Les médias le qualifiaient de héros. La vidéo de son sauvetage faisait le tour des réseaux sociaux. Mais pour Nikolaï, il n’était pas un héros. Il avait simplement fait ce qu’il devait faire. Aurait-il pu rester là, sans rien faire, regarder ces enfants se noyer ? Il ne pouvait pas.

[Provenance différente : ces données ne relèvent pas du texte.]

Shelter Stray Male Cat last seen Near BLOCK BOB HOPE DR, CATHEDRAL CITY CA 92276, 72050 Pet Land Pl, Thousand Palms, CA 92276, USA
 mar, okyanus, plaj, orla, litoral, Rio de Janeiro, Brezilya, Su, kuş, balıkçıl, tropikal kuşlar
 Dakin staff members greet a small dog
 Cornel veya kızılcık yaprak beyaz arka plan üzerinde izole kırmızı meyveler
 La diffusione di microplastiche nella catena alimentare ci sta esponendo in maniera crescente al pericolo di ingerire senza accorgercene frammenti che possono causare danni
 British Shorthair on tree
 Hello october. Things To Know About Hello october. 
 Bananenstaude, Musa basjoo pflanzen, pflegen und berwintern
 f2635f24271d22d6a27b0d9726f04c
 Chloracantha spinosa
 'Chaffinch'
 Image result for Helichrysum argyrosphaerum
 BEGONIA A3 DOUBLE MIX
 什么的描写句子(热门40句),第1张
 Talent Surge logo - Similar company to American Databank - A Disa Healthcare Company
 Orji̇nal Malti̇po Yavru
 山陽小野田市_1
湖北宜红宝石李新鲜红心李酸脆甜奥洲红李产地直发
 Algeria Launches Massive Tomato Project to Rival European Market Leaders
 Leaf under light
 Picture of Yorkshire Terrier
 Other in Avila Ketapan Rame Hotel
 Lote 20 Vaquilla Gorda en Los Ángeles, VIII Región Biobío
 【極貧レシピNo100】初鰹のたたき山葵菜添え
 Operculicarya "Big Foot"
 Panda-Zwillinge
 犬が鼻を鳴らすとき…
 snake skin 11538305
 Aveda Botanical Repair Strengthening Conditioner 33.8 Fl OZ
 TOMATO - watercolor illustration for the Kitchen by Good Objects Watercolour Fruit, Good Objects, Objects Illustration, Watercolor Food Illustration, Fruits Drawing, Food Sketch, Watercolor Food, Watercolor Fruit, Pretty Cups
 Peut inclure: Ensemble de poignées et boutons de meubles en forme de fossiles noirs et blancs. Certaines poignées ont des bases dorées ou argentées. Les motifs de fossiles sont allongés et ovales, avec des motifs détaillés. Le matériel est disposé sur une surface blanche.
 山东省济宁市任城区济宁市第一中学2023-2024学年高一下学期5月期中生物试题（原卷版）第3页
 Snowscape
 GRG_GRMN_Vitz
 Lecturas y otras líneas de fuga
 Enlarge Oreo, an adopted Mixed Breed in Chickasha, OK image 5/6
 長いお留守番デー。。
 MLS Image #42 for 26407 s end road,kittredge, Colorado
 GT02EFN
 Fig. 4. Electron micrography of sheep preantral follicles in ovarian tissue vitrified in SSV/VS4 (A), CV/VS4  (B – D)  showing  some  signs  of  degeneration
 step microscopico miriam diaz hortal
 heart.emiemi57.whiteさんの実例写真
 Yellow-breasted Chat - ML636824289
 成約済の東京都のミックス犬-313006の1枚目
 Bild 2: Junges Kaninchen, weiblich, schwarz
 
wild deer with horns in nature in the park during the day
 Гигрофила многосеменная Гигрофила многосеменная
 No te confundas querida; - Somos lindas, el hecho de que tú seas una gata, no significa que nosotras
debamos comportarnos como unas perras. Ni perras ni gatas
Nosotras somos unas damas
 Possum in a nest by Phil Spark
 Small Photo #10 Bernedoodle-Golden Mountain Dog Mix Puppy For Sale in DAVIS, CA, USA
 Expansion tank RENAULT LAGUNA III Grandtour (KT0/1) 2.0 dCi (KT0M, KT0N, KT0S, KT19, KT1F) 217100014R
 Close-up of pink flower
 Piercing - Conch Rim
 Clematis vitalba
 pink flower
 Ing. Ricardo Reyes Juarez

Mais tout changea lorsque, cinq jours après sa sortie de l’hôpital, il reçut une visite inattendue. Un convoi de 4×4 arriva dans sa cour, un spectacle qui n’avait rien à faire là, devant sa maison modeste. Cinq véhicules. Quatre d’entre eux déchargeaient des provisions, des vêtements, des cadeaux. Et le cinquième… un vélo rouge brillant, un cadeau pour Mariana, avec un message : “Pour Mariana, de la part des deux fillettes qui n’oublieront jamais le courage de son papa.”
Nikolaï s’agenouilla, des larmes coulèrent sans qu’il puisse les retenir. Ce n’était pas un remerciement. Pas une récompense. C’était un miracle, un acte de bonté qui répondait à son geste sans rien attendre en retour.
Dans les mois qui suivirent, il réalisa que la véritable richesse ne résidait pas dans l’argent, mais dans la bonté partagée. Et que les actes de cœur ne restent jamais sans réponse.